What is the smallest capacitor needed in a computer power supply in order to supply at least 0.2 A of current for 0.35 s after the power goes off? (DATA: Assume that the resistance of all the components of the computer mother board is 5 Ω and it uses a 5 V supply.)

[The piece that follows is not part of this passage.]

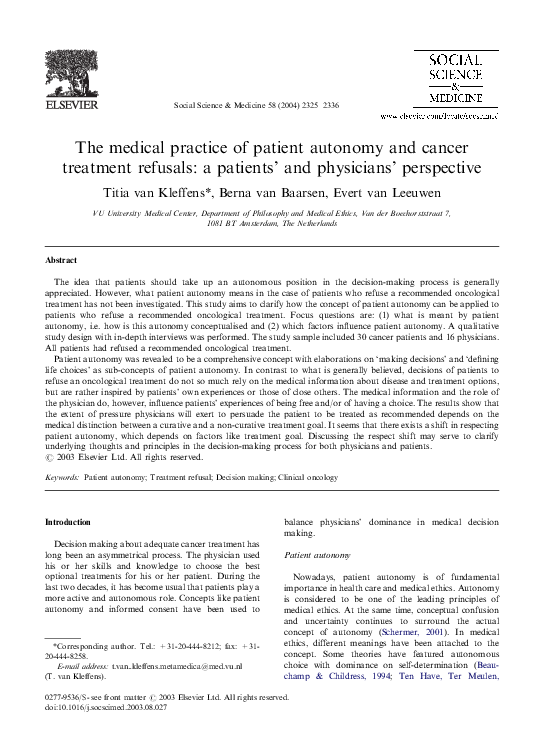 (PDF) The medical practice of patient autonomy and cancer treatment ...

To determine the smallest capacitor needed, we can use the equation for the discharge of a capacitor:
Q = C * V
Where:
Q is the charge stored in the capacitor
C is the capacitance of the capacitor
V is the voltage across the capacitor
In this case, we want to supply at least 0.2 A of current (I) for 0.35 s (t), and we know that the resistance (R) is 5 Ω. Using Ohm's Law (V = I * R), we can calculate the voltage drop (ΔV) across the components as:
ΔV = I * R
= 0.2 A * 5 Ω
= 1 V
Since the computer motherboard uses a 5 V supply, the initial voltage across the capacitor will be 5 V. Therefore, the voltage across the capacitor after 0.35 s will be:
V = 5 V - 1 V
= 4 V
Now, we can calculate the charge (Q) required by multiplying the current (I) and the time (t):
Q = I * t
= 0.2 A * 0.35 s
= 0.07 C
Finally, we can rearrange the equation Q = C * V to solve for the capacitance (C):
C = Q / V
= 0.07 C / 4 V
= 0.0175 F
Therefore, the smallest capacitor needed in this case would be 0.0175 Farads (or 17.5 millifarads).